Der bisher tadellos ausgeführte Rückruf wird komplett ignoriert und seinen Namen hat der kleine Wicht auch noch nie gehört. Statt dessen hält er sich für King Louie.
Die schlechte Nachricht ist, dass die Pubertät eingesetzt hat. Davon bekommt ein Whippet im Alter von 6 Monaten bis zu 3 Jahren gern mehrere Schübe.
Die gute Nachricht ist, dass nach Abschluss aller Umbaumaßnahmen das neu strukturierte Gehirn wieder in der Lage sein wird, auf seinen Speicher zuzugreifen, und der Kleine sich wieder an all die schönen Dinge erinnern wird, die er einmal gelernt hat.
Bis dahin kann der Weg jedoch lang und steinig werden. Stündliche Wechsel zwischen Musterschüler und Anarchist sind keine Seltenheit.
“Ich würde ja gern alles richtig machen, aber wie geht das?”
Jeder Ablenkung wird nachgegangen. Regeln werden in Frage gestellt. Und Konzentration ist ein Fremdwort. Dazu kommen manchmal plötzliche Angstphasen.
Dabei kann der arme Hund gar nichts dafür, dass seine Synapsen ihn ständig in die Irre führen. In der Pubertät verändert sich nicht nur der Körperbau. Das Gehirn wird komplett neu verdrahtet. Und bei so einer Grundüberholung im laufenden Betrieb ist die Steuerzentrale nun mal nicht konstant betriebsbereit.
Die Auswirkungen dieses Baubetriebs sind individuell sehr unterschiedlich ausgeprägt. Der Eine packt die Rasierklingen aus, am Anderen geht es fast unbemerkt vorbei. Der Eine fragt nur öfter nach, der Andere versucht gleich die Hausordnung umzudefinieren.
Wie verhalte ich mich sinnvoll gegenüber einem Junghund in der Pubertät?
Am wichtigsten ist das Verständnis, dass der Hund mit seinem Verhalten nicht etwa seinen Menschen ärgern möchte. Strafen sind hier völlig unangebracht und verwirren nur noch mehr. Im schlimmsten Fall können sie das Vertrauensverhältnis nachhaltig stören. In der Pubertät sind Hunde – und auch Menschen – besonders sensibel. Hier werden die Weichen für das weitere Zusammenleben gestellt. Denn auch nach weiteren Umbaumaßnahmen bleiben schlechte Erfahrungen dauerhaft im Gedächtnis.
Der erste Schritt ist hier ein Schritt zurück. Die Frage ist nicht, was der Hund nicht mehr kann, sondern was er noch beherrscht. Einfache Übungen, mit Erfolg ausgeführt, sind gut für das Selbstvertrauen vom Mensch und Hund. Druck und zu hohe Erwartungen sorgen dagegen für Frustration.
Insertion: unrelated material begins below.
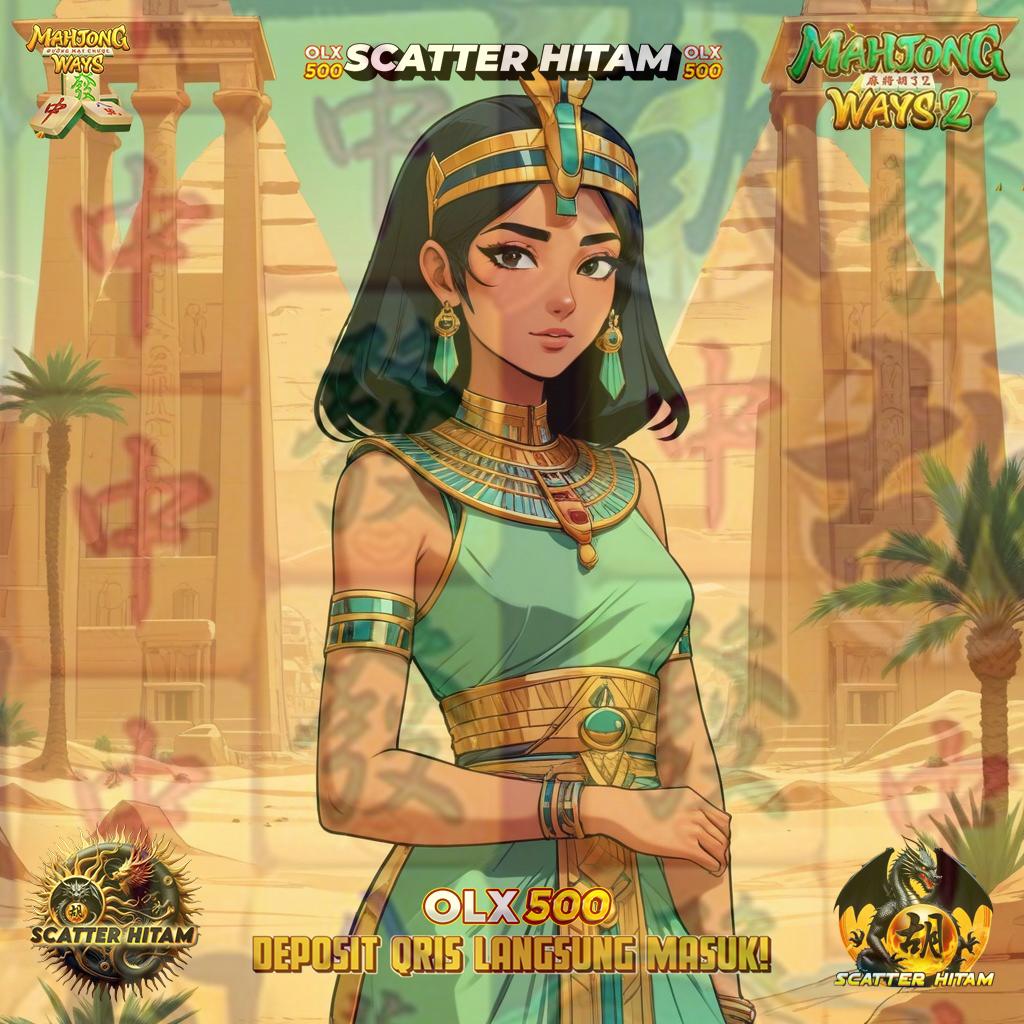 33 W Bet Judi Slot Deposit agen judi live casino slot online terbaik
Gibt es eine Lieblingsübung, die der Hund besonders gern ausführt?
Bei Candy war das “Sitz”. Egal was sonst passierte, “Sitz” ging immer.
Timo konnte ich ganz einfach “in den Strebermodus schalten”, indem ich ihn auf den Hinterbeinen stehend mit Leckerchen fütterte. Das fand er nicht nur lustig, es gab auch noch Leckereien. Sofort war er bereit zu probieren, wie er mir mehr Leckerchen entlocken konnte.
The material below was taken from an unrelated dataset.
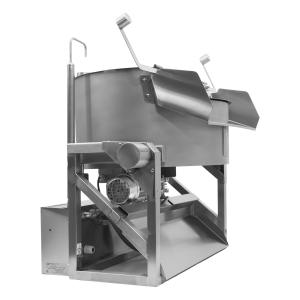 RoboLabs RoboLabs 213595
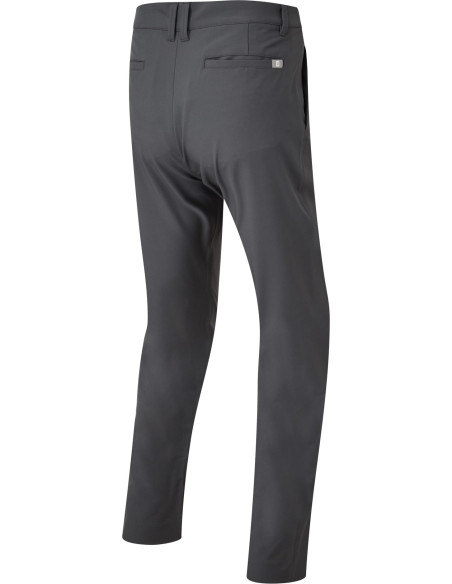 MEN'S ESSENTIAL BOTTOMS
Wenn es keine Lieblingsübung gibt, kann man auch zu Lieblingsreizen greifen. Da die meisten Whippets jagdlich orientiert sind, bieten sich hier Jagdspiele an. Wegrennen, gern mit Indianergeheul, kann sehr hilfreich sein, wenn an einen Rückruf nicht zu denken ist. Ohne Vorwarnung auf einem Spaziergang durchgeführt ist das ein tolles Spiel, was die Bindung stärkt und dem Pubertier zeigt, dass man auch mit seinem Menschen viel Spaß haben kann.
Natürlich darf auch das gemeinsame Kuscheln nicht zu kurz kommen. In der Pubertät brauchen Whippets besonders viel Liebe und Körperkontakt.